Tips for travelling with diabetes
As many people with diabetes will testify having the condition does not have to limit your ability to travel, or hamper your enjoyment of a holiday. Approximately 2.8 million people in the UK are diabetic and many of these individuals enjoy plenty of holidays by simply following a few tips to help their trip go smoothly.
1. Take plenty of medication
If you have any sort of pre-existing medical condition it is essential to pay a visit to your doctor before jetting off abroad. People with diabetes need to tell their doctor important details about their trip like where they are going, how long they will be away for and how long their flights are. The medical professional can then advise them on how much medication they will need for their trip and where to pack it all.
A good rule of thumb for a short trip is to take twice the amount of medication that you should need. People with diabetes are heavily dependent on their medication for their wellness, and taking surplus will ensure you're not caught short should there be a flight delay or some other sort of emergency. If you need extra medication, just explain the situation to your doctor who will prescribe you extra for your trip.
It is important to pack your long acting insulin, delivery device, spare pen and needles and insulin wallet. In terms of other medical items, an emergency kit containing an icepack, antiseptic cream, paracetamol, anti-diarrhoea medication and antiseptic cream can be especially useful in an emergency.
2. Pack carefully
Where possible, it is essential to carry insulin in hand luggage as the hold can get so cold that the medication freezes, which could impact on its effectiveness. If it is essential that the insulin is placed in the hold then make sure it's as well insulated as possible. Put it in an airtight container that is in the middle of the case. When you visit your doctor, ask for a medical note allowing you to take your syringes on board. Another option is for you to ask if the air crew will look after the medication on board.
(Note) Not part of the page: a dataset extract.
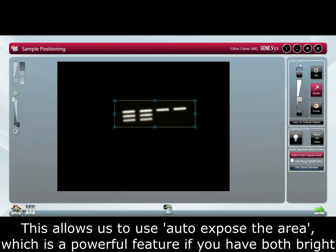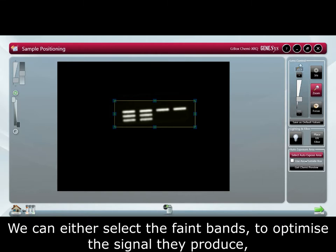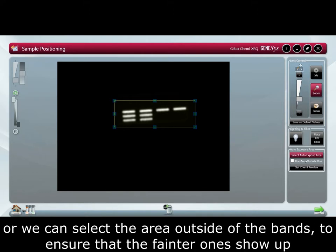This allows us to use auto expose area which is a powerful feature if you have both bright and faint bands on the same blot. We can either select the faint bands to optimize the signal they produce or we can select the area outside the brighter bands to ensure the faint ones show up.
However, for a worry-free trip, it is important to pack more than just your insulin before a vacation. It is recommended that those with the condition take medical alert identification, a glucose metre, spare batteries and a test/disposal kit along with a supply of test strips that will last the whole trip. It is also a good idea to have stored an emergency number in your phone, a doctor's contact details, a copy of your diabetes prescriptions and a doctor's note. As you would at home, make sure you have some snacks on you in case your blood sugar should dip.
3. Keep insulin cool
While it is important to keep insulin in hand luggage to ensure it doesn't freeze, it is also vital to make sure it is kept cool throughout the journey. If it is going to take you a while to reach your destination there are a number of options for keeping the insulin at a low temperature, from specialised wallets, bags, fridges and other travel-friendly accessories.
As soon as you arrive at your destination check the insulin to ensure it hasn't been damaged during the journey. If there are any crystals present in the solution the optimal course of action is to discard the insulin and find local supplies.